* DESCRIPTION OF THE TASK *
Only the lines from the one containing "MAJESTIC LIGHT TAUPE AREA RUG" through the end of the listing belong in the answer, repeated exactly, with no pictures.

_ _ _ _ _ _ _

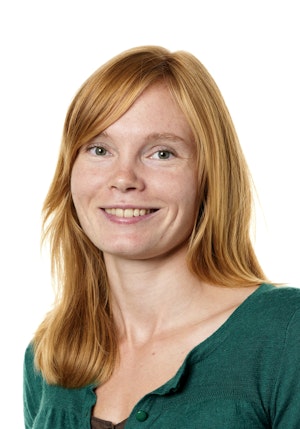 photo of Mette Louise Thomsen (MLT)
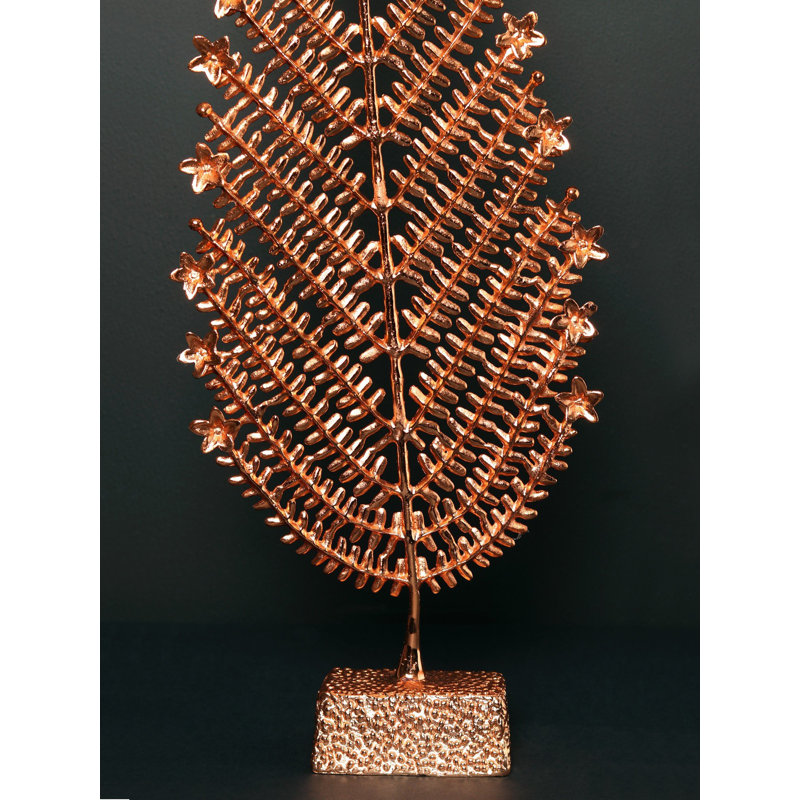 Arbre de Noël rose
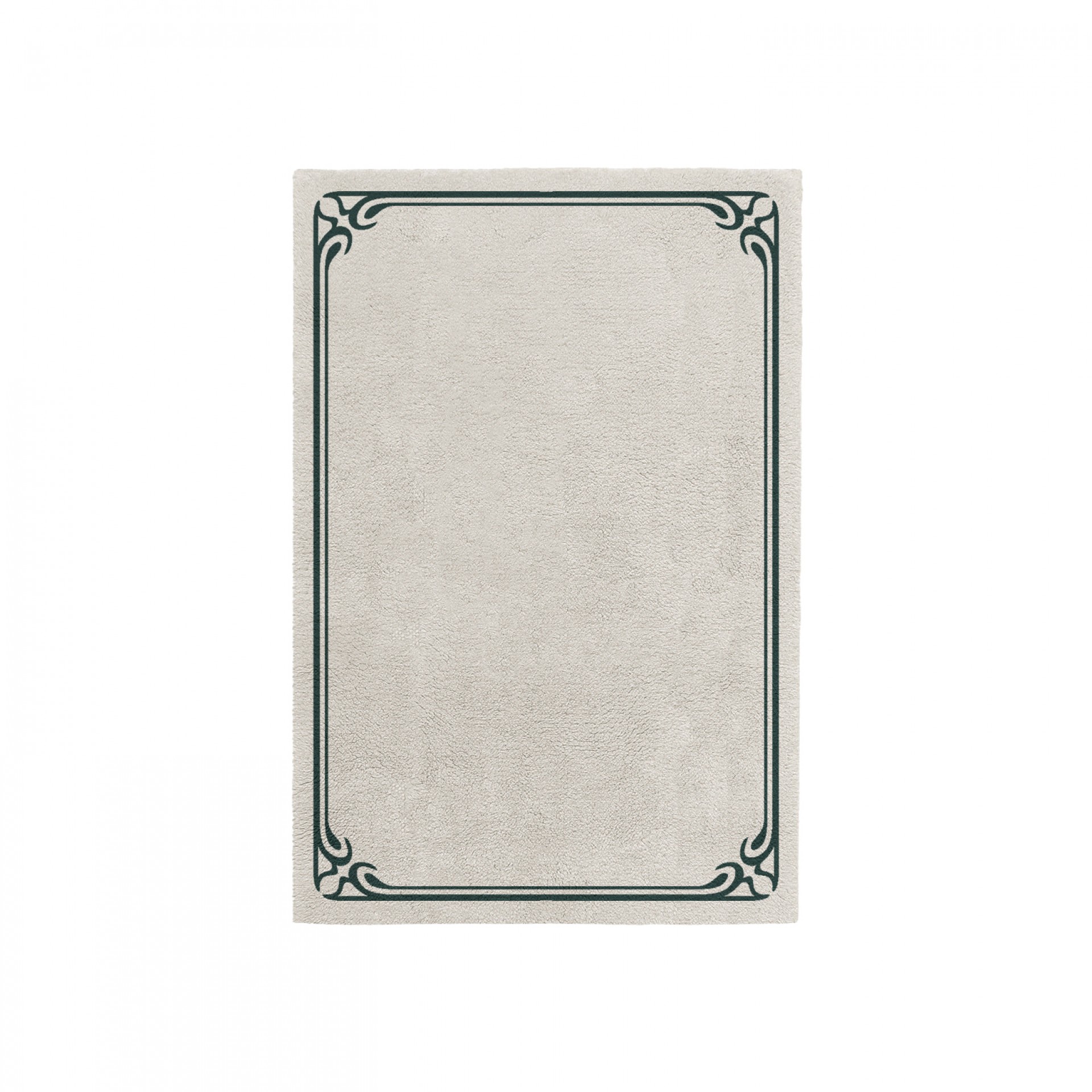 MAJESTIC LIGHT TAUPE AREA RUG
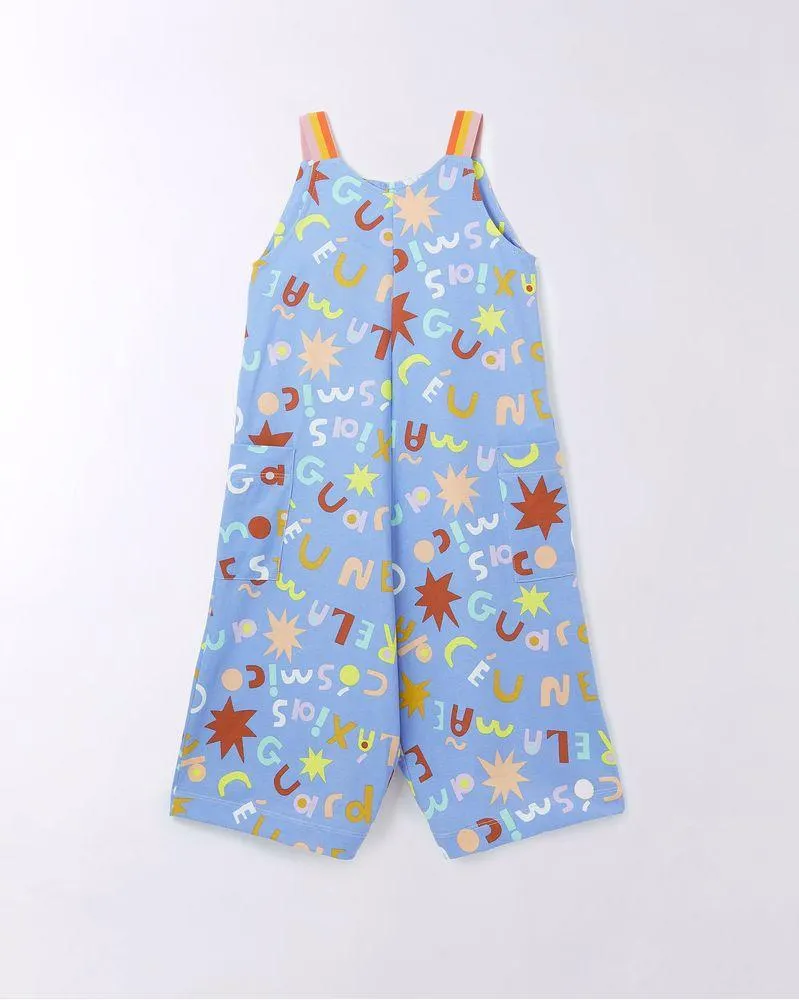 Macacao Midi Malha Ceu Neon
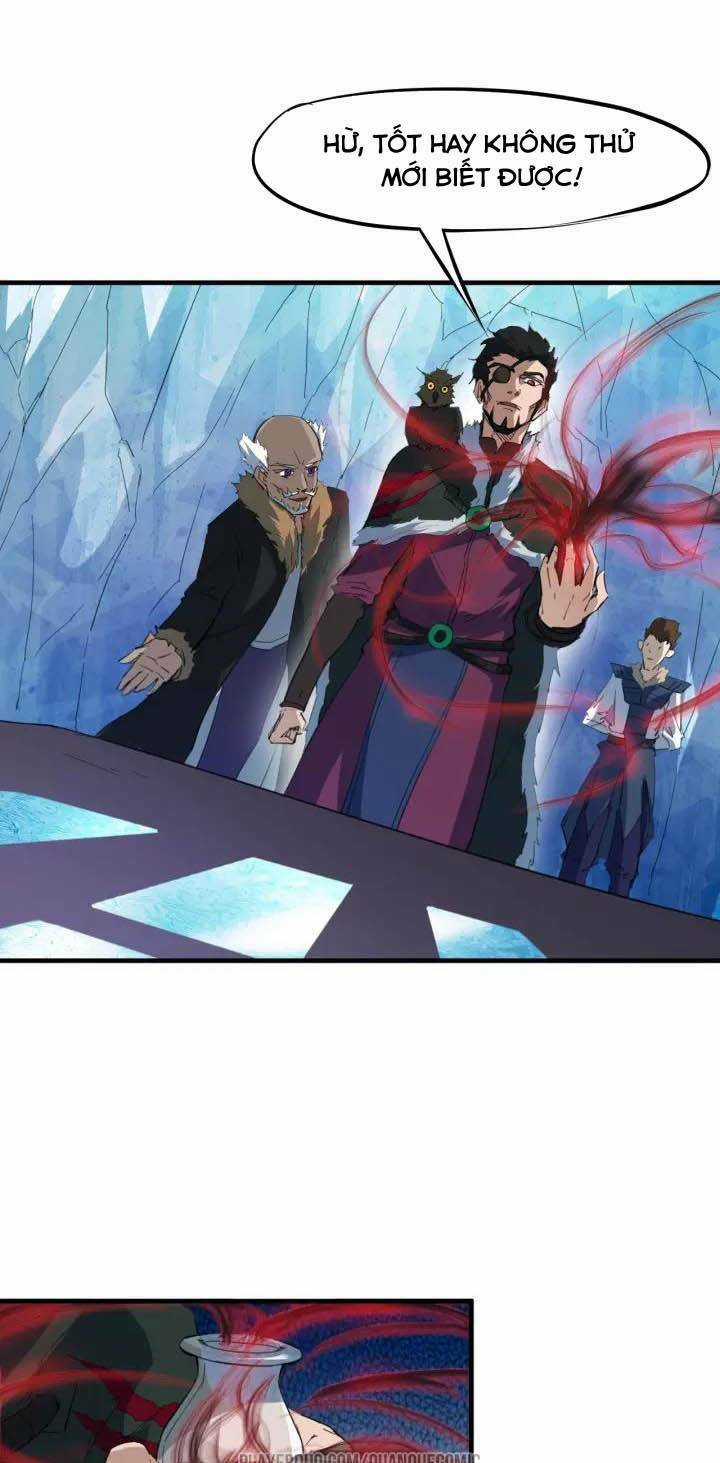 Long Mạch Võ Thần Chapter 54 trang 24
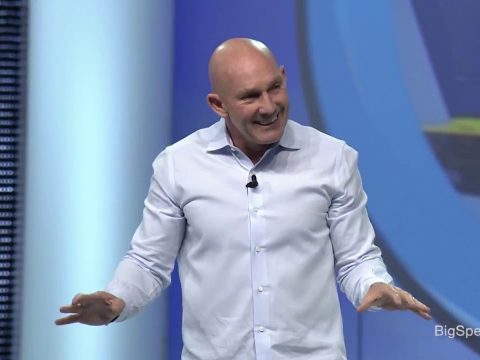 Leadership and Elite Performance – John Foley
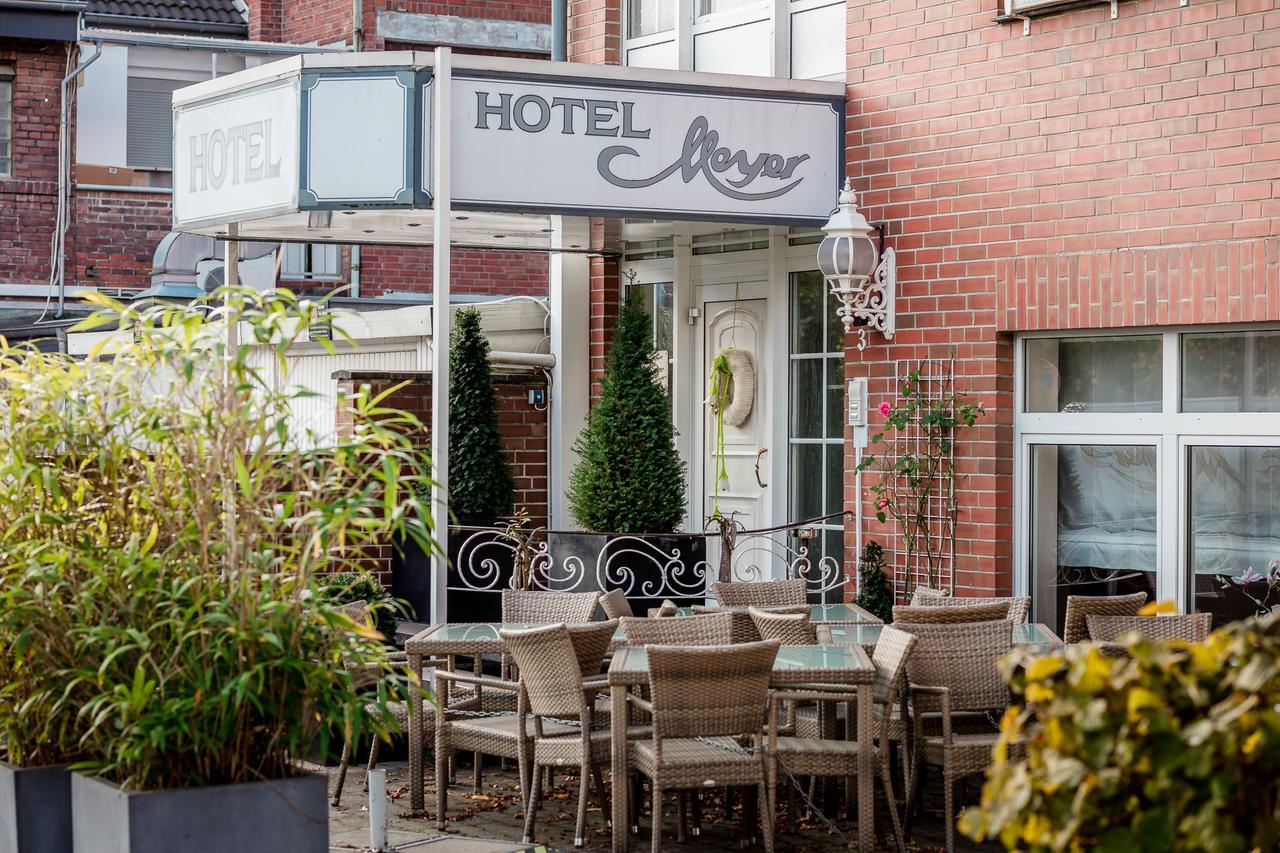 Hotel Meyer Bergheim  Eksteriør billede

_ _ _ _ _ _ _

* RESPONSE AREA *
 MAJESTIC LIGHT TAUPE AREA RUG
 Macacao Midi Malha Ceu Neon
 Long Mạch Võ Thần Chapter 54 trang 24
 Leadership and Elite Performance – John Foley
 Hotel Meyer Bergheim  Eksteriør billede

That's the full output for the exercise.